AUSTIN LEWIS, Judge, presiding. Judgments reversed and causes
Defendants appeal from the judgments of the Circuit Court of Madison County denying their petitions for the allowance of interest on certain sums of money awarded defendants in eminent domain proceedings.
Defendants appealed to the Supreme Court, contending that these cases involve questions arising under the Constitution of Illinois (Supreme Court Rule 302). The Supreme Court found that no substantial constitutional question was presented, and transferred the causes to this court. Because the cases present identical issues, they have been consolidated for opinion.
In each of the cases, petitioner filed its petition to condemn real estate owned by defendants, filed a motion for "quick take" under the provisions of section 2.1 of the Eminent Domain Act (c 47, § 2.1, Ill Rev Stats 1967), a hearing was held as provided in section 2.2, a deposit was made in accordance with section 2.3, and withdrawals were made as provided in 2.4. Upon trial, defendants were awarded sums in excess of the amounts deposited.
The controversy arises from the inability of the parties to agree on the amounts of interest to which defendants are entitled. The specific question presented is whether section 2.6 of the Eminent Domain Act provides for interest on the amount of money by which a final award exceeds the sum deposited under a "quick take" order, including therein 25% of the amount preliminarily found to be just compensation, or whether interest is payable on the amount by which a final award exceeds the amount preliminarily found to be just compensation.
[1-3] The Supreme Court has stated the rules of statutory construction here applicable, as follows:
"The cardinal rule of statutory construction, to which all other canons and rules are subordinate, is to ascertain and give effect to the true intent and meaning of the legislature in enacting the law." Electrical Contractors Ass'n of City of Chicago, Inc. v. Illinois Bldg. Authority, 33 Ill.2d 587, 591, 213 N.E.2d 761.
"In determining the intent of the legislature consideration must be given to the entire statute, its nature, objects and the consequences which would result from construing it one way or another." Carrigan v. Illinois Liquor Control Commission, 19 Ill.2d 230, 233, 166 N.E.2d 574.
". . . . words employed are to be given their plain meanings, and that the use by the legislature of certain language in one instance and wholly different language in another indicates that different results were intended." Nelson v.
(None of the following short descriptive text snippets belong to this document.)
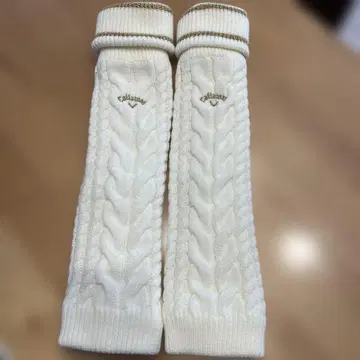 Callaway 골프 케이블 짜임 레그 워머 화이트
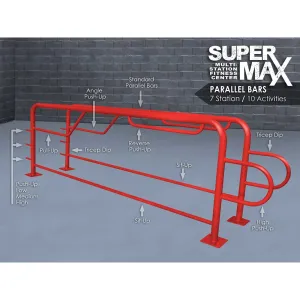 SuperMAX Super Duty Parallel Bars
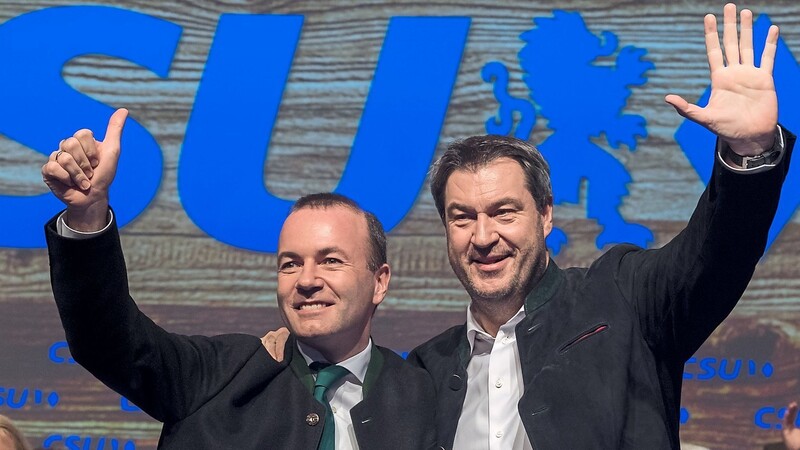 Manfred Weber (l.) und Markus Söder (beide CSU) wollen Europa ein Stück bayerischer machen.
Union Wire Rope Corp., 31 Ill.2d 69, 100, 199 N.E.2d 769.
Section 2.3 of the "quick take" statute provides in part:
"§ 2.3. (a) If the petitioner shall deposit, with the clerk of the court, money in the amount preliminarily found by the court to be just compensation, and, in addition shall deposit with the clerk a further sum of money equal to one-fourth of such amount, . . . ."
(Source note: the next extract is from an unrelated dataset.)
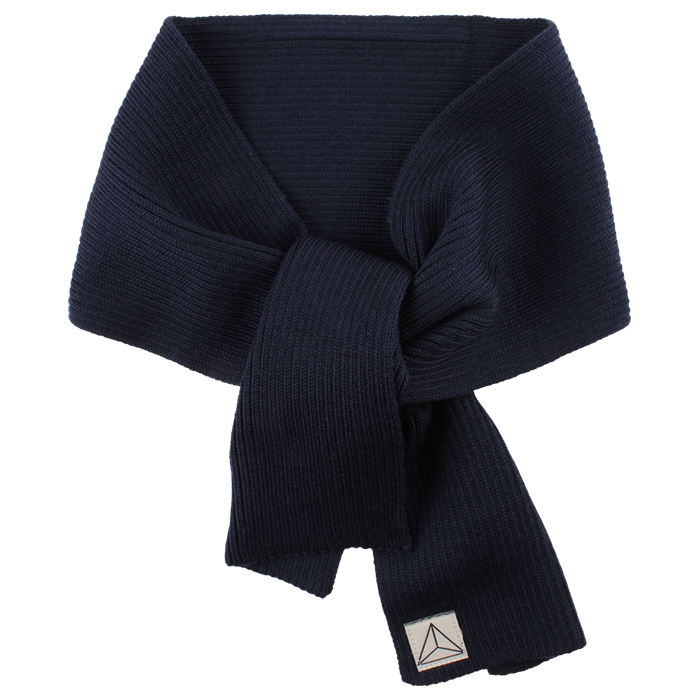 Nordic Knit Scarf Dark total eclipse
Section 2.6 provides in part:
"§ 2.6. The petitioner shall pay, in addition to the just compensation finally adjudged in the proceeding, interest at the rate of six percent (6%) per annum upon:
"(a) Any excess of the just compensation so finally adjudged, over the amount deposited by the petitioner in accordance with the provisions of Section 2.3(a) of this Act, from the date on which the parties interested in the property surrendered possession of the property in accordance with the order of taking, to the date of payment of such excess by the petitioner.
"(b) Any portion of the amount preliminarily found by the court to be just compensation and deposited by the petitioner, to which any interested party is entitled, if such interested party applied for authority to withdraw such portion in accordance with Section 2.4 of this Act, and upon objection by the petitioner (other than on grounds that an appeal under Section 2.2(b) of this Act is pending or contemplated), such authority was denied; interest to be paid to such party from the date of the petitioner's deposit to the date of payment to such party."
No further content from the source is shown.